Adult film actress Stormy Daniels speaks outside federal court, Monday, April 16, 2018, in New York. (AP Photo/Mary Altaffer)

Adult-film actress Stormy Daniels was arrested at a strip club in Columbus, Ohio after allegedly touching patrons during a Wednesday night performance, according to police.

Columbus police charged Daniels, whose real name is Stephanie Clifford, with three misdemeanor counts of touching a patron at a "sexually oriented" business in violation of an Ohio strip club law, according to online court records.

Her lawyer, Michael Avenatti, said in an interview with The Washington Post early Thursday morning that after Daniels's performance at Sirens strip club, she was approached by undercover officers informing her that she would be arrested. Avenatti said she was accused of allowing a patron to touch her while on stage in a "nonsexual manner."

But according to an arrest report cited by Columbus news station WBNS, police accuse Daniels of touching "a specified anatomical area" of individuals present at the performance, including police officers.

The police report states that Daniels, while topless and wearing a G-string, allegedly put both of her hands on an officer's buttocks, placed both hands on an officer's breast, and then put her breasts in an officer's face. Avenatti said the officers present at the performance were in plain clothes.

Court records show Daniels posted $6,054.00 in bail and was released. She is scheduled to be arraigned in Franklin Municipal Court on Friday morning.

Stormy Daniels (Stephanie Clifford) was arrested in Columbus, Ohio, after a strip club performance. (Franklin County Sheriff’s Office)

An Ohio strip club law prohibits patrons from touching a nude or seminude dancer unless the patron is a member of the dancer's immediate family.

Avenatti said the arrest was a politically-motivated "sting operation." He said his client was "performing the same performance that she has conducted at over a hundred strip clubs around the country."

"This is ridiculous that law enforcement resources were used to conduct this sting operation," he said. "There has to be a better purpose for such resources."

A Columbus police spokeswoman did not immediately respond to requests for comment on the arrest. Reached by The Washington Post early Thursday, a representative for Sirens strip club refused to comment.

"We are highly confident that in the unlikely event that the district attorney proceeds with charges that she will be found not guilty," Avenatti told The Post.

The lawyer also took to Twitter early Thursday morning, calling the arrest a "a setup & politically motivated."

"It reeks of desperation," Avenatti tweeted. "We will fight all bogus charges."

The Ohio strip club law prohibiting the touching of dancers, the Community Defense Act, was proposed by a Cincinnati-based conservative religious organization and approved in 2007. But according to a Columbus Dispatch article in Sept, 2017 the law has rarely been used since then.
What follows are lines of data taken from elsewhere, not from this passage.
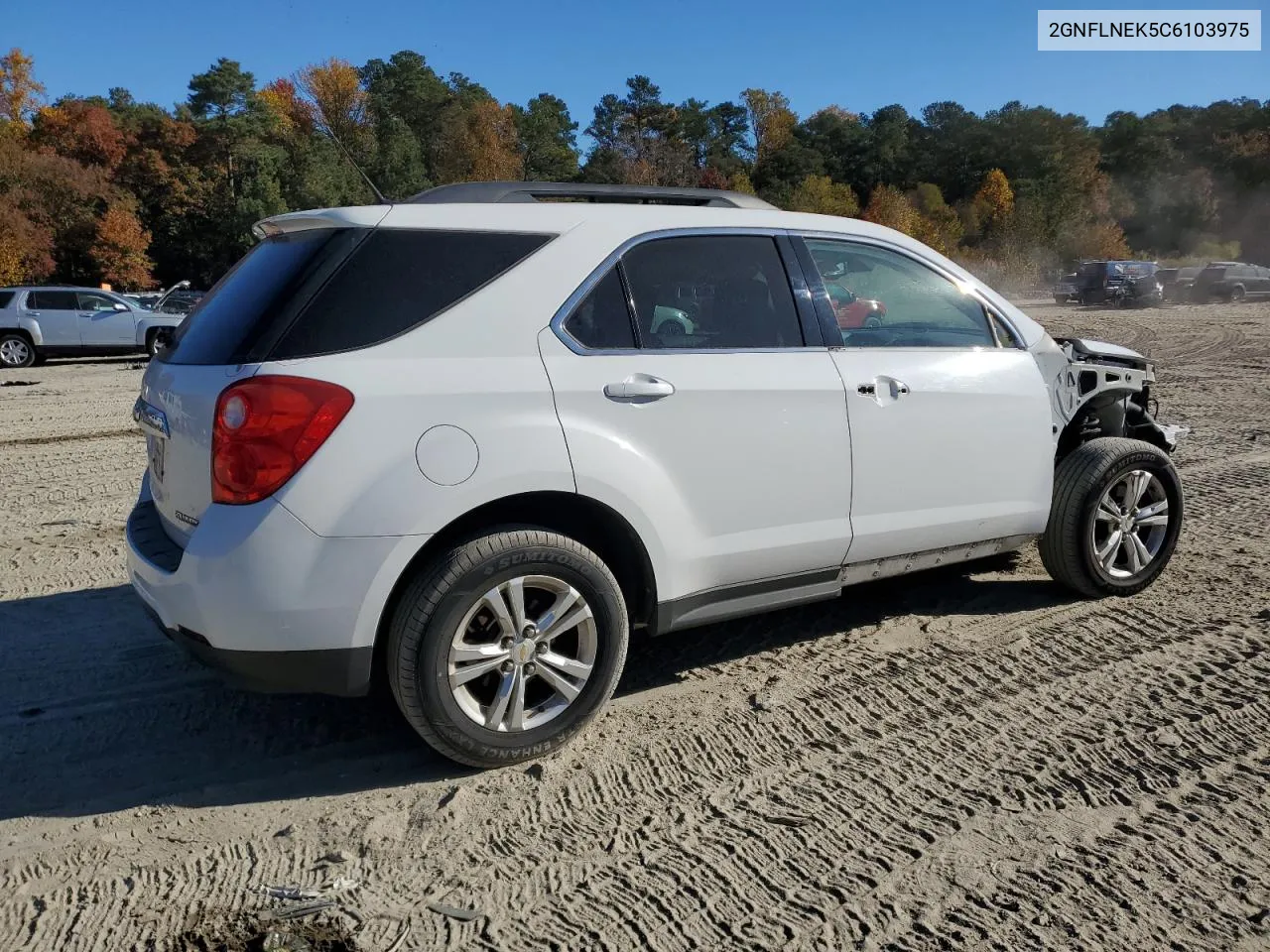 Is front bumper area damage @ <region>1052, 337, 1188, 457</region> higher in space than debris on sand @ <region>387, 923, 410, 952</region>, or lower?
higher

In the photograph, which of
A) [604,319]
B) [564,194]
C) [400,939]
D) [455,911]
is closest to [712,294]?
[604,319]

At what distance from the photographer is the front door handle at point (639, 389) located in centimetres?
342

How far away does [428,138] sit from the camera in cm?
7550

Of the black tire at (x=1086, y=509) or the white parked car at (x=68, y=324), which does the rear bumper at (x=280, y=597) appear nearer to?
the black tire at (x=1086, y=509)

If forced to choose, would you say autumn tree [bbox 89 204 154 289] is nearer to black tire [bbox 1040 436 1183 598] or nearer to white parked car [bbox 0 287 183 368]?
white parked car [bbox 0 287 183 368]

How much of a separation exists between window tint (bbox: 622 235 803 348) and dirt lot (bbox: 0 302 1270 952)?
1.41 meters

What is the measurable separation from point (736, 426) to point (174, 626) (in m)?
1.99

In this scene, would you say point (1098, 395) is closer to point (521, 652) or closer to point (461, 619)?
point (521, 652)

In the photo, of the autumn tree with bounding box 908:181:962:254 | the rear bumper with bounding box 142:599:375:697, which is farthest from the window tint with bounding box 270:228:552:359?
the autumn tree with bounding box 908:181:962:254

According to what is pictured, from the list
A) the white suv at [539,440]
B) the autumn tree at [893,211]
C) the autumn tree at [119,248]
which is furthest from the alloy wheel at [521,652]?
the autumn tree at [893,211]

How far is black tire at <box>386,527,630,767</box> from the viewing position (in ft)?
10.2

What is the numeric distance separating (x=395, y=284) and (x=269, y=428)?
63 centimetres

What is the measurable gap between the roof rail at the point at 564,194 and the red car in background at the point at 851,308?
1.62 feet

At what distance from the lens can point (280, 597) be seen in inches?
117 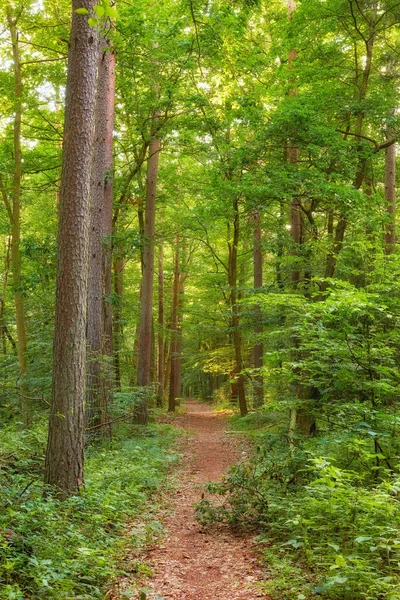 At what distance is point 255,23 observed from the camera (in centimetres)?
1593

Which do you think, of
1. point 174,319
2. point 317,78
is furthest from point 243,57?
point 174,319

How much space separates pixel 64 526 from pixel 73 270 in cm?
305

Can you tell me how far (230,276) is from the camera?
1939 cm

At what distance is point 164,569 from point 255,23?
17006 mm

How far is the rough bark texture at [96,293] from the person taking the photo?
9945 millimetres

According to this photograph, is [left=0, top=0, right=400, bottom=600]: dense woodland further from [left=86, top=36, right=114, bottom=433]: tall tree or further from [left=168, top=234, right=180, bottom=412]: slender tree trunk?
[left=168, top=234, right=180, bottom=412]: slender tree trunk

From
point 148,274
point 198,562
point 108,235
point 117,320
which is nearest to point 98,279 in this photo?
point 108,235

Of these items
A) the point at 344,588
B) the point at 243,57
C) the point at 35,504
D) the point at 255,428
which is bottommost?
the point at 255,428

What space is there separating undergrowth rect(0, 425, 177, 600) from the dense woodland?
29 millimetres

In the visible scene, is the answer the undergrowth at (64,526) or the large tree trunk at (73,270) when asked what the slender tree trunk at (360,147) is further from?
the undergrowth at (64,526)

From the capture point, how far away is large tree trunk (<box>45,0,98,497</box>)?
579 centimetres

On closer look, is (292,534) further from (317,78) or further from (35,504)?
(317,78)

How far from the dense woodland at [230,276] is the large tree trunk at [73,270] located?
0.03 meters

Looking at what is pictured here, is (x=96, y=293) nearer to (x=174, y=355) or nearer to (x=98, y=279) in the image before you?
(x=98, y=279)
A spokesman for the Franklin County Sheriff's office could find no instances in which the 2007 law had been used, he told the Dispatch.

Daniels planned to be in Columbus Wednesday and Thursday as part of a nationwide tour, Avenatti said. The club, Sirens, advertised Daniel's appearance on Twitter ahead of Wednesday night's performance.

Earlier this week, Daniels performed in Washington minutes before President Donald Trump announced his Supreme Court nomination.

Daniels has been embroiled in a legal controversy with Trump over their alleged 2006 encounter, which he has repeatedly denied. She is suing Trump and his former personal attorney, Michael Cohen, to void a hush agreement she says she signed during the 2016 presidential campaign.

After denying knowledge of the payment, Trump admitted in May that his longtime lawyer, Cohen, was reimbursed through a monthly retainer for a $130,000 payment made to Daniels in 2016 to stop what Trump called "false and extortionist accusations" about a decade-old affair.